Does anyone here make, or know someone who makes, think line blanks in unusual colors? I'm looking for silver line on black (corrections), and red line on white (nurse).


----------



## m4skinner (Aug 24, 2020)

I do label cast blanks and could make them.


----------



## jttheclockman (Aug 24, 2020)

Very easy to do if someone has access to colored acrylics. Awhile back I made some thin red line blanks for fireman. Exotics carries a variety of plain colored blanks.


----------



## qquake (Aug 24, 2020)

I don't want label cast blanks, I want laminated. I should have been more specific. I have made them in the past with blue pick guard material, but can't find a source for the colors I want.


----------



## jttheclockman (Aug 24, 2020)

qquake said:


> I don't want label cast blanks, I want laminated. I should have been more specific. I have made them in the past with blue pick guard material, but can't find a source for the colors I want.

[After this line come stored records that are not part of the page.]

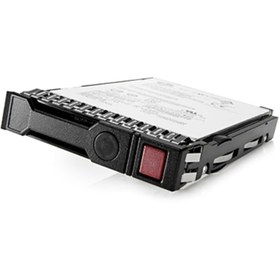 Resim HPE 872475r-b21 300gb 10k Sas Sc Ds 2.5" Hdd 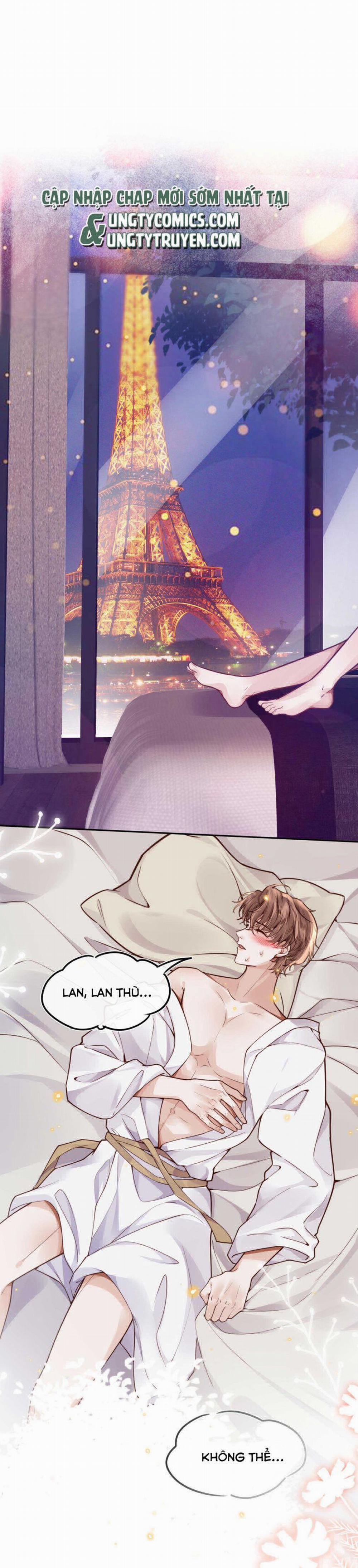 Tổng Tài Định Chế Tư Nhân 16 trang 2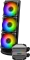 MSI MAG CoreLiquid M360, 360mm Vorschaubild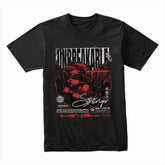 Iron Spirit: Unbreakable Stronger Tee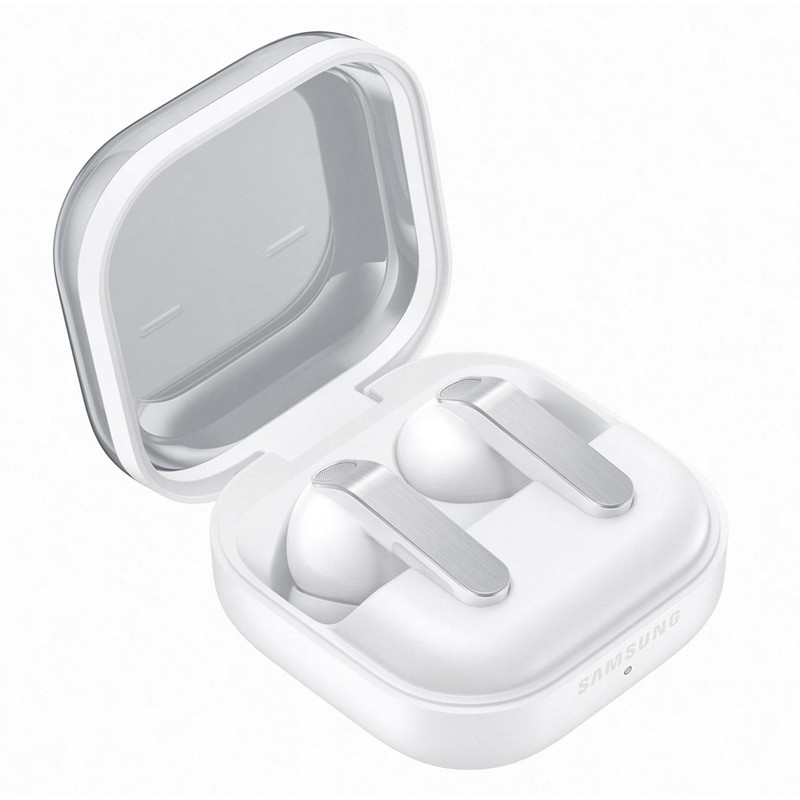 هندزفری بلوتوثی سامسونگ مدل Galaxy Buds 4 Pro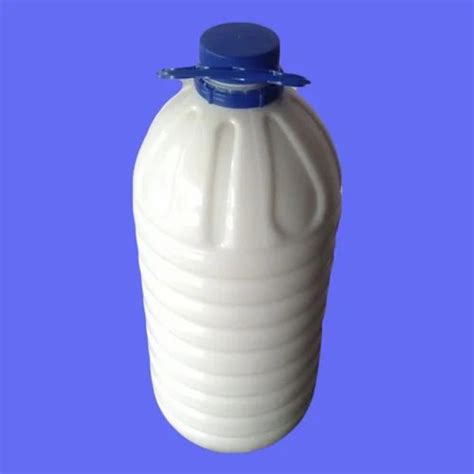 Concentrated Loose White Phenyl Concentrate At Rs Litre In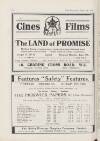 The Bioscope Thursday 24 April 1913 Page 16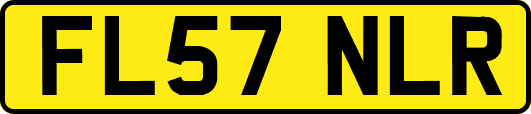 FL57NLR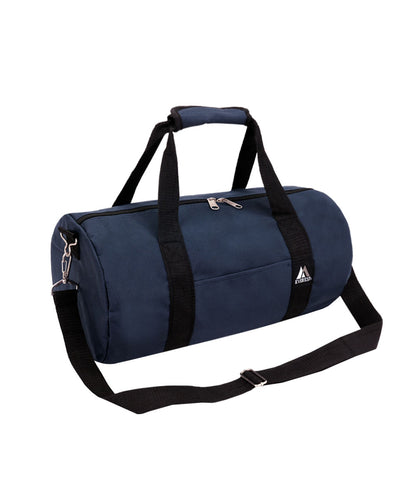 16P - Everest 16-inch Round Duffel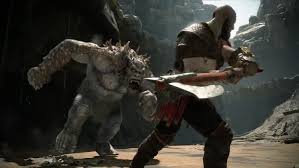 Check spelling or type a new query. Kratos God Of War Wallpapers Hd Desktop And Mobile Backgrounds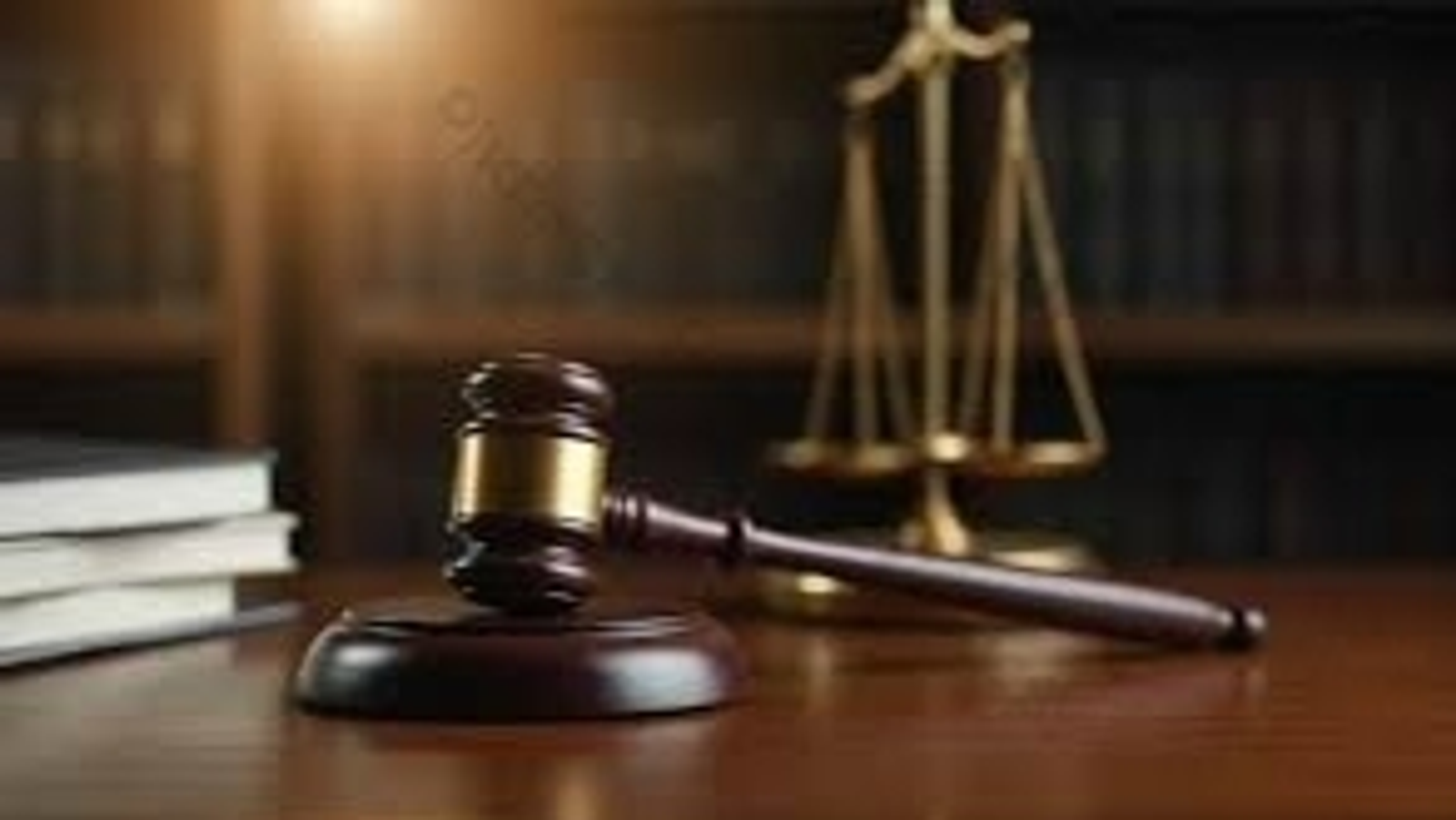 Экс-начальник управления образования Бирского района остается под арестом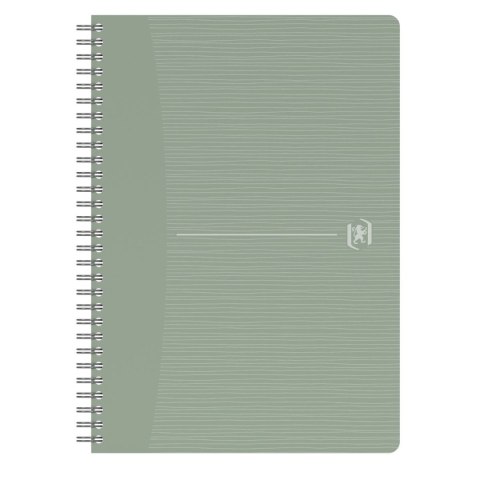 Notes (notatnik) A5 recup 90k. krata Oxford (400154141)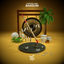 Cover Bansuri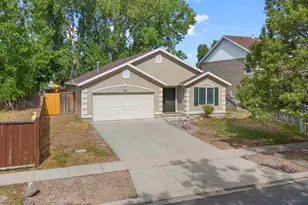 24 N Montrose Ln, Saratoga Springs, UT 84043 - Photo 1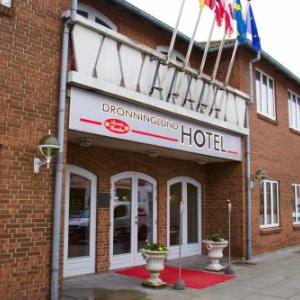 Dronninglund Hotel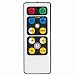 Brilliant Evolution BRRC144 Remote Control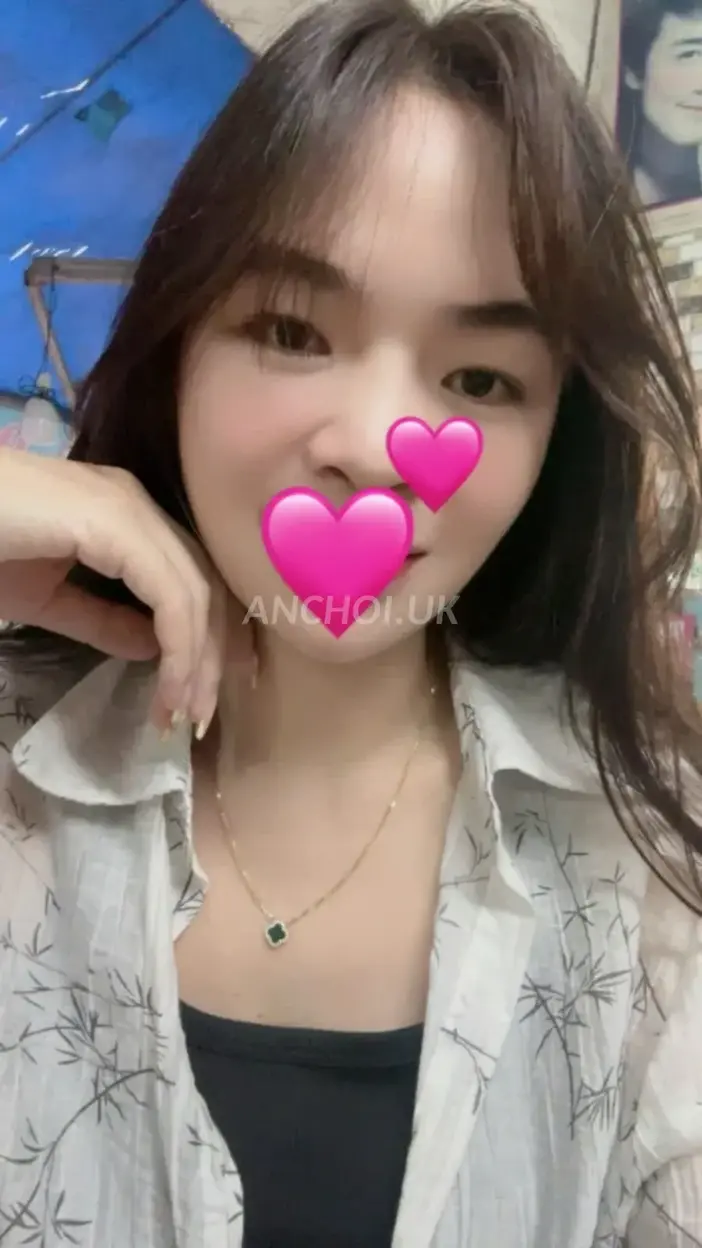Kim Ngân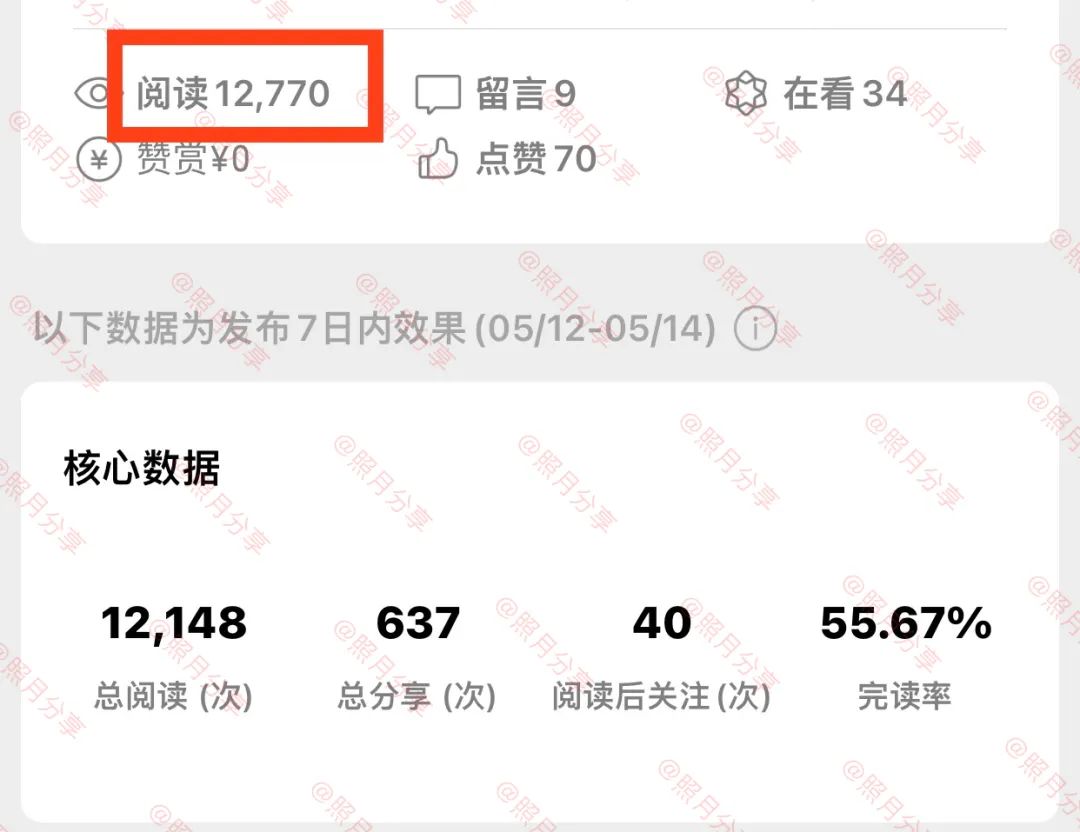 副业赚钱_写公众号，两篇文章引流私域300+，2024年，我劝你一定要重视私域_副业教程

As I said Exotics has many plain colors and silver can be aluminum or they have silver blanks too.


----------



## CHARLES STOPCZYNSKI (Aug 25, 2020)

It would be only right to have ALL of the military services represented in the thin line pen blank collection.  Including the Space Force.


----------



## qquake (Aug 25, 2020)

The two I need aren't military, but I agree.


----------